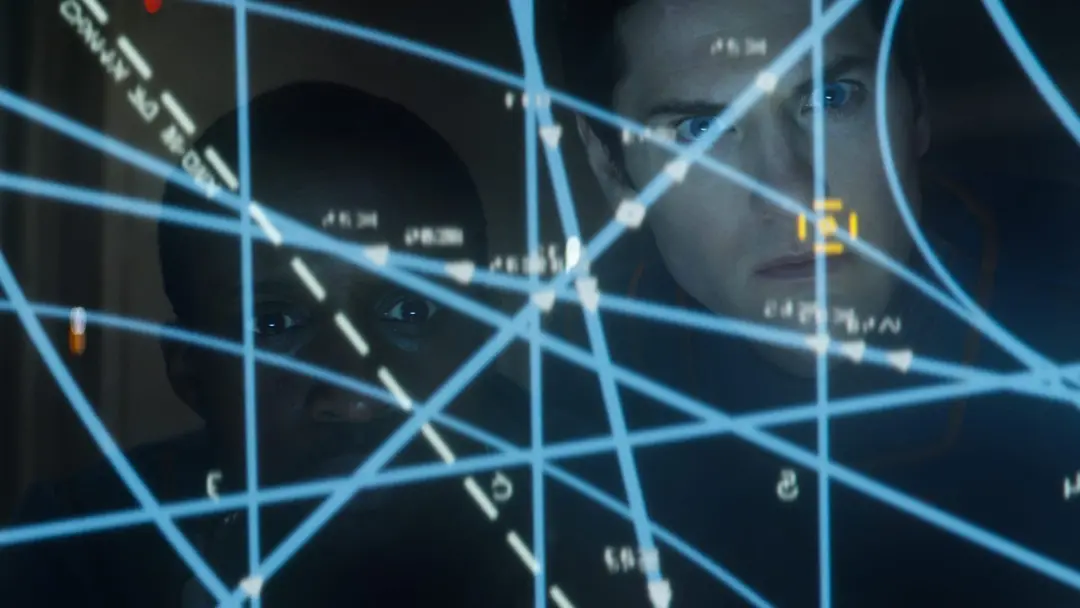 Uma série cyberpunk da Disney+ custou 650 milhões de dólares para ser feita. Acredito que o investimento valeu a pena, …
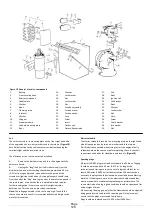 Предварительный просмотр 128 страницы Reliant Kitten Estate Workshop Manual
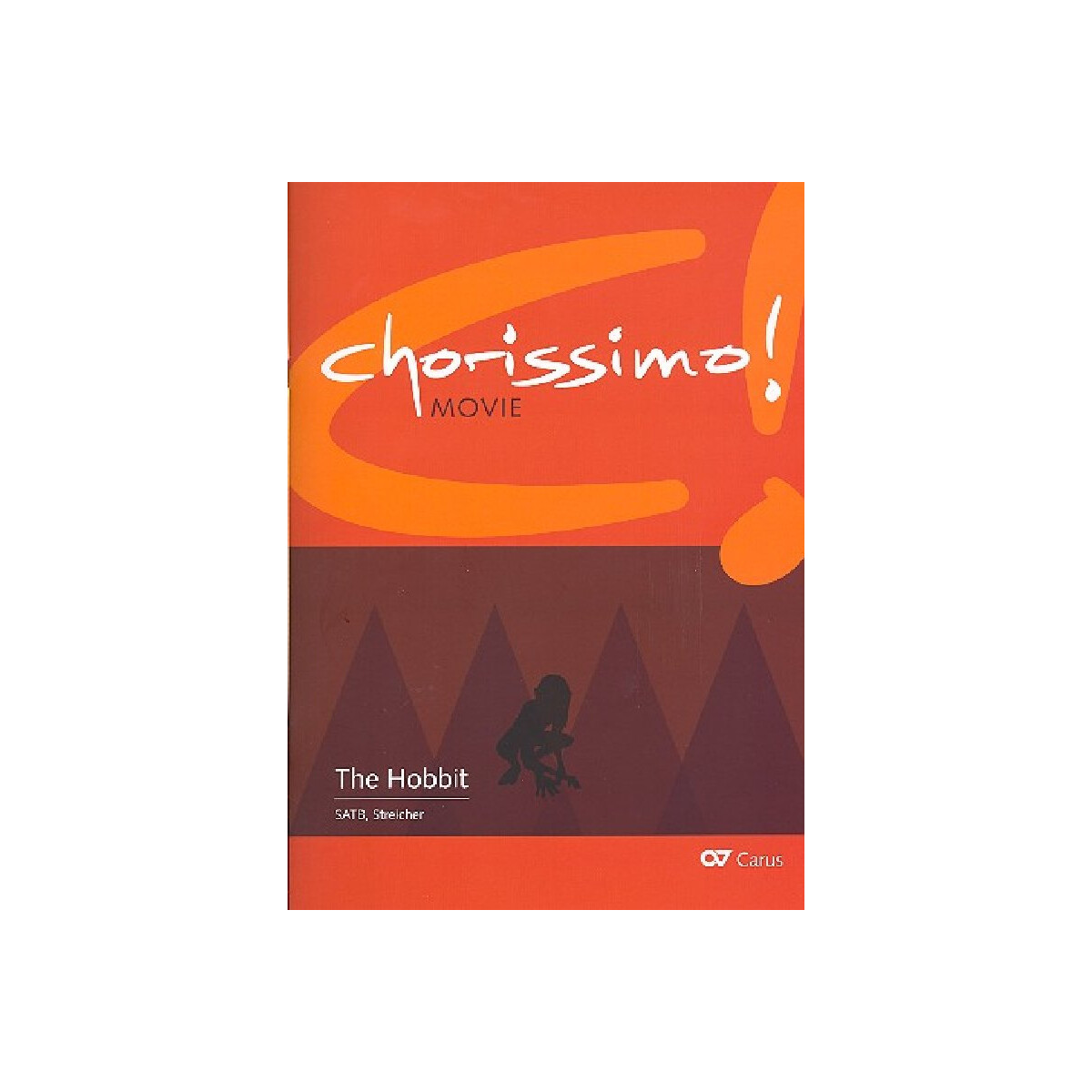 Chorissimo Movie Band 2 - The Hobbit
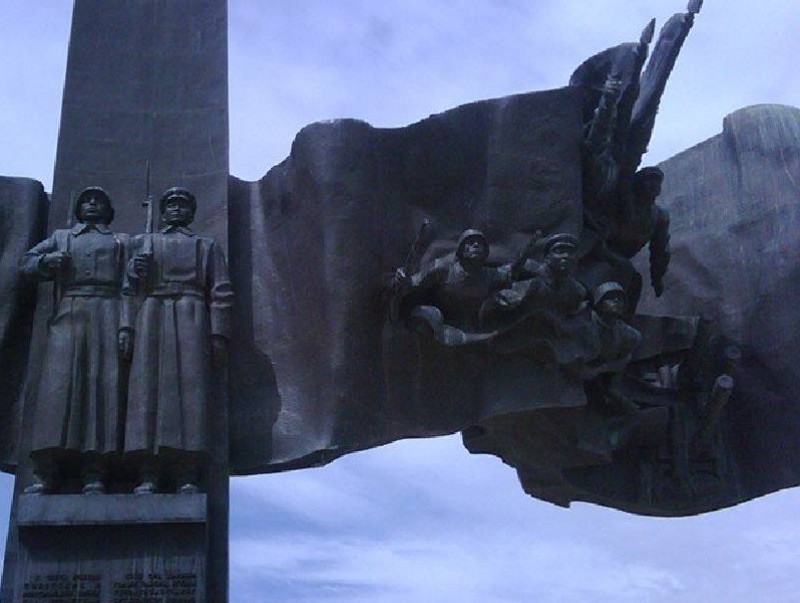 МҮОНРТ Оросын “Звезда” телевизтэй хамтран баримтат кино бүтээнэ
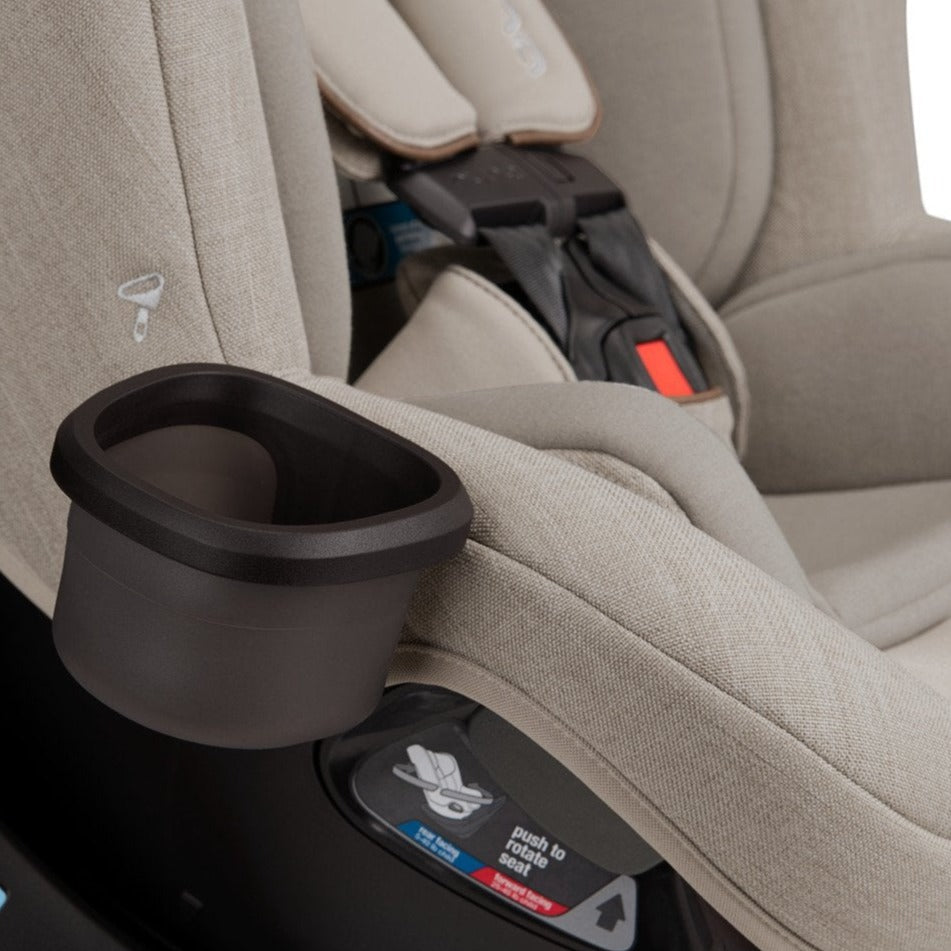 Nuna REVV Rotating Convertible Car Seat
┄┄┄┄┄┄┄┄┄┄
• Assigned task:
What you return should match the entries word for word, pictures aside.

• Exercise result:
 Uma série cyberpunk da Disney+ custou 650 milhões de dólares para ser feita. Acredito que o investimento valeu a pena, …
 Предварительный просмотр 128 страницы Reliant Kitten Estate Workshop Manual
 Chorissimo Movie Band 2 - The Hobbit
 МҮОНРТ Оросын “Звезда” телевизтэй хамтран баримтат кино бүтээнэ
 Nuna REVV Rotating Convertible Car Seat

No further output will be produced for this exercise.